To do this, it is best to add a new user (and a group) and give them the permissions they need. For example:

FROM ubuntu
RUN groupadd -r usergroup && useradd -r -g user usergroup
ENTRYPOINT ["sh", "myScript.sh"]
COPY ./myScript.sh /myScript.sh
RUN chown user /myScript.sh
USER user

8. Keep your secrets hidden

It is very common that in an image, we need to use credentials, access tokens or files with information that we do not want to share. If we pass these elements to the image using commands such as COPY or ADD, they will be visible in the image and anyone who has access to it will be able to see them.

There is a way to add this information to our containers, called docker secret.
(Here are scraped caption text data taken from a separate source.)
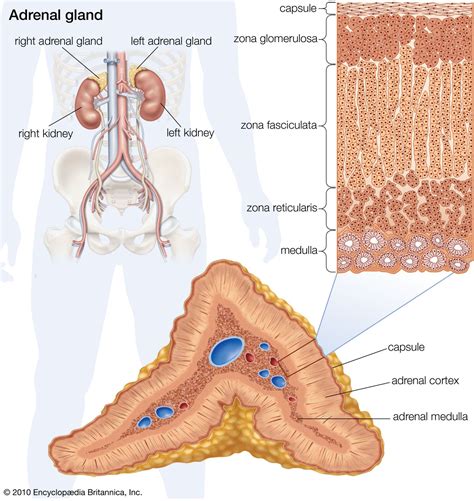 Structure Of The Adrenal Cortex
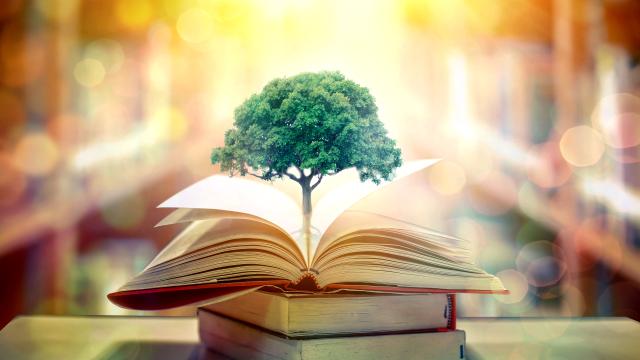 تعليم إدارة المنظمات غير الربحية: إلى أين يتجه هذا المسار الأكاديمي؟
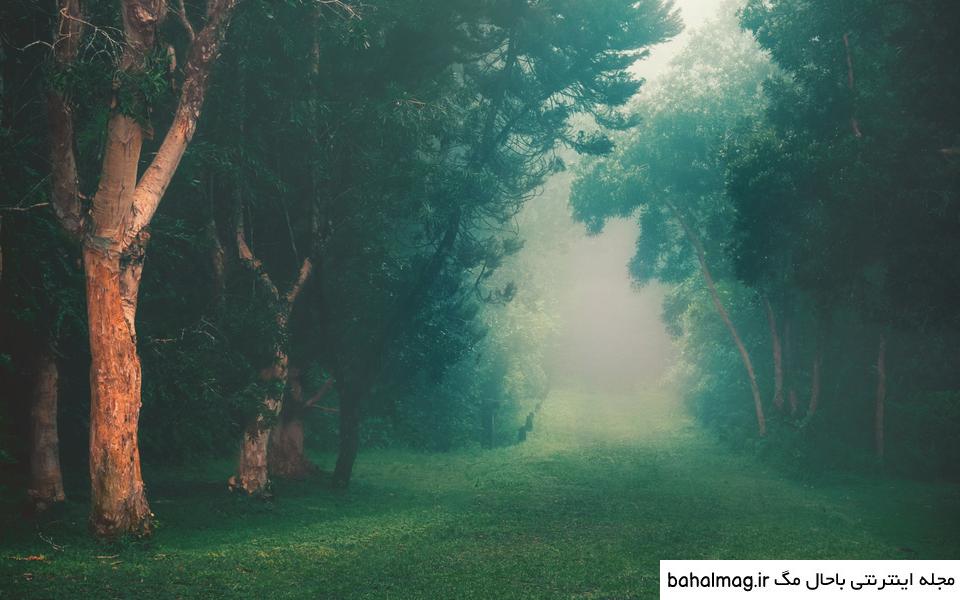 ایمان مصیبی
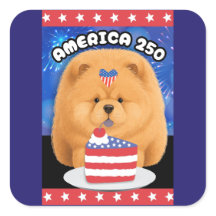 AMERICA 250  Red Chow
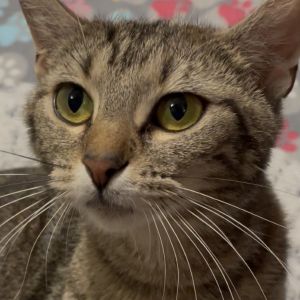 Willow, Young Female Domestic Short Hair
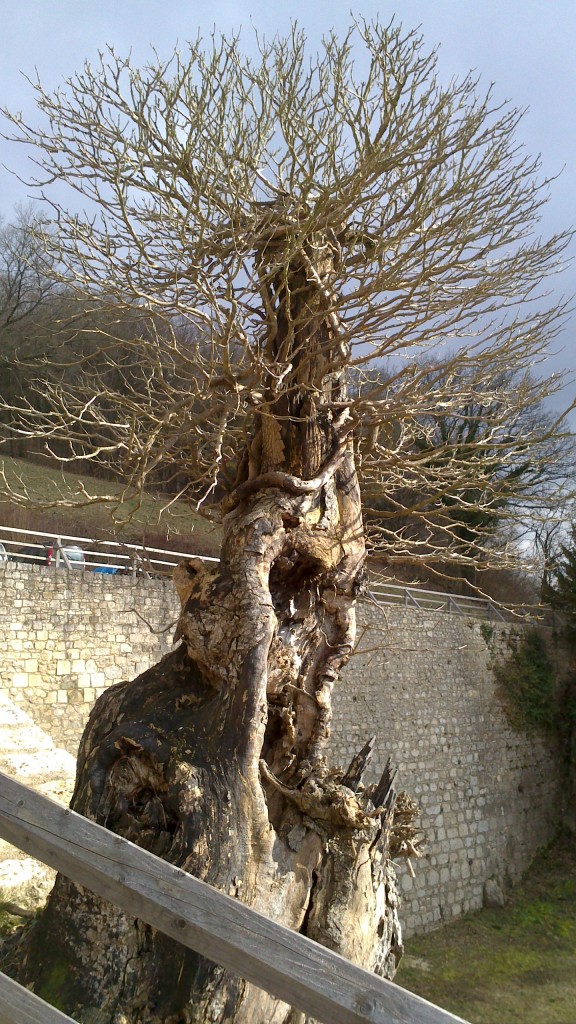 ein besonderer Baum am Schloss Prunn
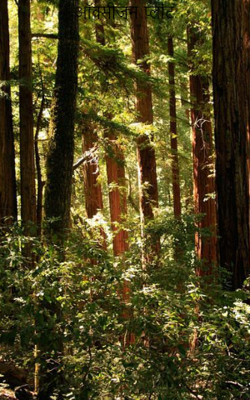 ऑक्सीजन प्लांट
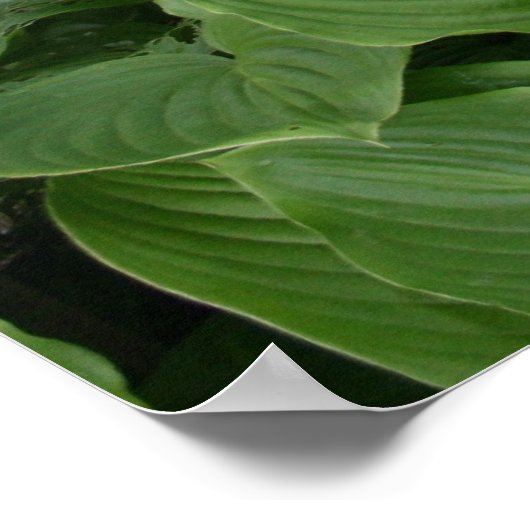 Zen Garden poster met witte randen (Hoek)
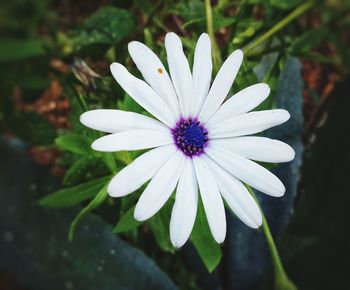 Close-up of daisy flowers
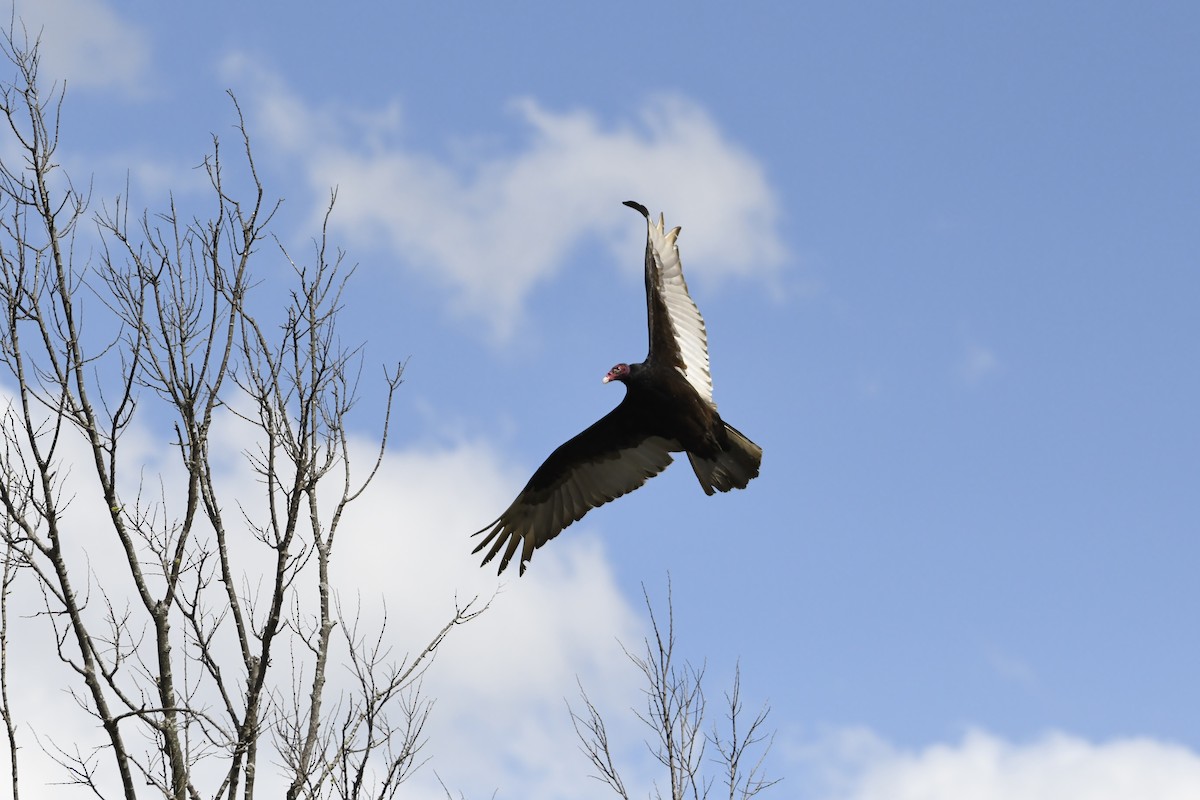 Turkey Vulture - ML151081491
The way to implement it is a bit complicated to explain in this document, since it depends on the way you are going to deploy the image (docker-compose, kubernetes, …). Introduction to Docker Secrets or Distribute Credentials Securely Using Secrets could be a good starting point.

9. Copy only what you need

The image we generate should only and exclusively contain the files needed. It is common to see commands like COPY . /app, which will copy the entire context to the /app directory. This may not be bad, depending on the context and what we intend to do, but in many cases we may be copying files that we are not going to use or that have confidential information.

There are two ways to avoid this:

Copy only the files that we are going to use, although if there are a lot and we do not have them structured in directories, it could create too many layers.
Use .dockerignore. In this file with the same syntax as .gitignore we can decide which files or directories we want to avoid adding to the context. More information.

10. Copy, do not add

There are two very similar commands in Dockerfile: COPY and ADD. The first is used to copy a series of files or directories from the host to the image. The second one does the same, but it is also capable of downloading elements from URLs or repositories and decompressing compressed files. For more information on ADD, see the documentation.

It may be that seeing as they do the same and ADD is more powerful, you want to use only this, but you should avoid it. Use COPY for most situations, which will be copying from the host, and only use ADD when you need something you cannot achieve with COPY. Using ADD without regard for the difference may carry security risks such as zip bombs.

Conclusion

Although writing a Dockerfile may seem simple, it is important to follow certain recommendations that will make our building process run faster and make the resulting image smaller and more secure.

In this article we have reviewed some of the most important points, which at the same time, in most cases, are very easy to follow. You can find more tips like these in the official documentation.